▶ WHAT YOU WILL DO:
What's needed: every entry, printed exactly, minus the images.
=== Section Start ===
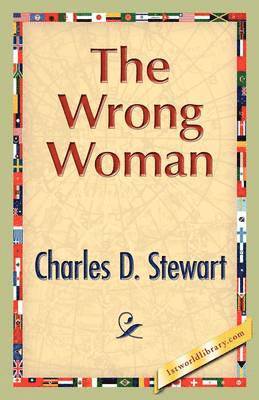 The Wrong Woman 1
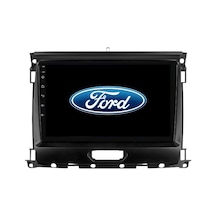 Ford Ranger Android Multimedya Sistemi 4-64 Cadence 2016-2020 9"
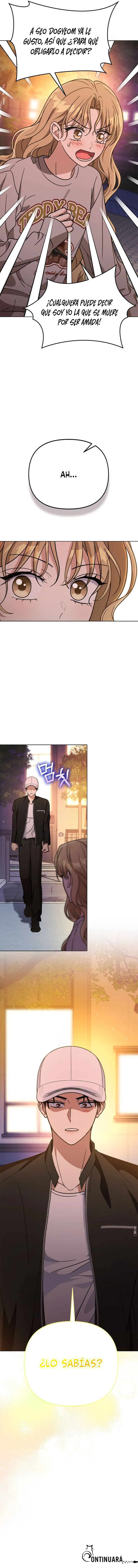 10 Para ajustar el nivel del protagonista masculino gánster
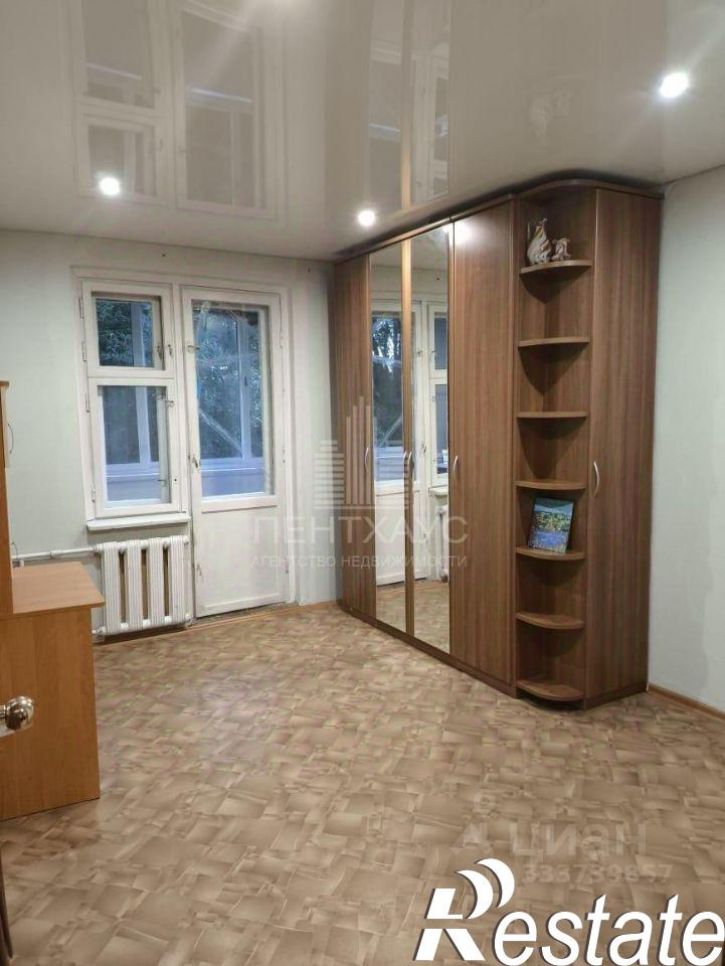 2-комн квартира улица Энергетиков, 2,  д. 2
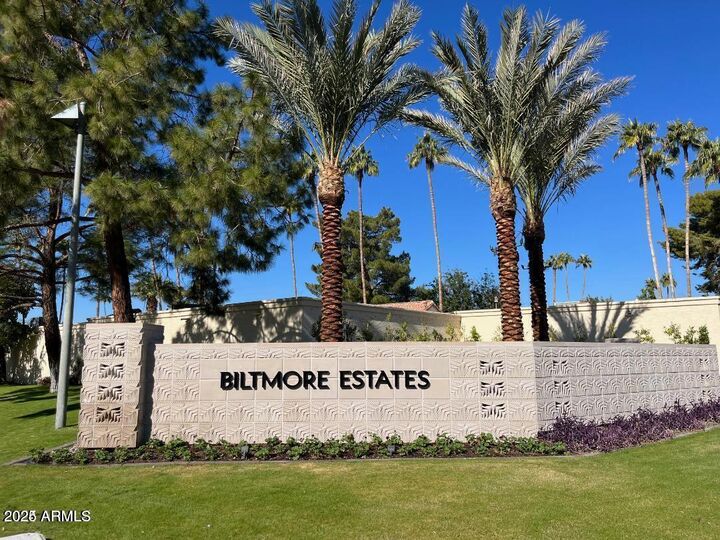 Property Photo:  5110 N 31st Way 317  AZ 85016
=== Section End ===
▶ YOUR RESPONSE:
 The Wrong Woman 1
 Ford Ranger Android Multimedya Sistemi 4-64 Cadence 2016-2020 9"
 10 Para ajustar el nivel del protagonista masculino gánster
 2-комн квартира улица Энергетиков, 2,  д. 2
 Property Photo:  5110 N 31st Way 317  AZ 85016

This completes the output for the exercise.